Higher Poles and Crossing Phenomena from Twisted Genera

TL;DR

This paper links higher pole Appell-Lerch sums and their modular completions to the cigar conformal field theory's partition functions, revealing how chemical potential variations induce wall-crossing phenomena in bound state contributions.

Contribution

It demonstrates the emergence of higher pole Appell-Lerch sums from the cigar CFT and explores the effects of chemical potential variations on elliptic genus wall-crossing.

Findings

Higher pole Appell-Lerch sums arise in cigar CFT partition functions.

Varying the imaginary chemical potential causes wall-crossing in bound states.

Full elliptic genus remains continuous despite wall-crossing phenomena.

Abstract

We demonstrate that Appell-Lerch sums with higher order poles as well as their modular covariant completions arise as partition functions in the cigar conformal field theory with worldsheet supersymmetry. The modular covariant derivatives of the elliptic genus of the cigar give rise to operator insertions corresponding to (powers of) right-moving momentum, left-moving fermion number, as well as a term corresponding to an ordinary zero mode partition sum.
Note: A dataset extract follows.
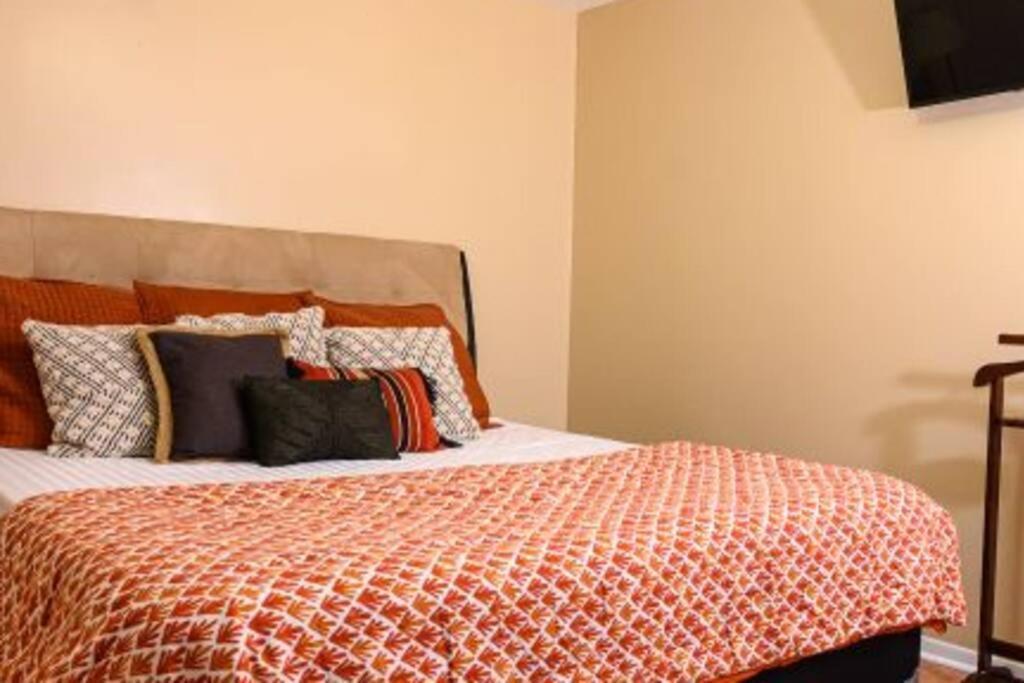 Great 2 Bedroom Condo,Free Parking,Easy Commute. Irvington Exteriér fotografie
To show this, we demonstrate how the right-moving supersymmetric quantum mechanics (and in particular the Hamiltonian and spectral density) depend on the imaginary part of the chemical potential for angular momentum. As a consequence of our analysis we find that varying the imaginary part of the chemical potential for angular momentum on the cigar gives rise to a wall-crossing phenomenon in the bound state contribution to the elliptic genus, while the full elliptic genus is a continuous function of the chemical potential.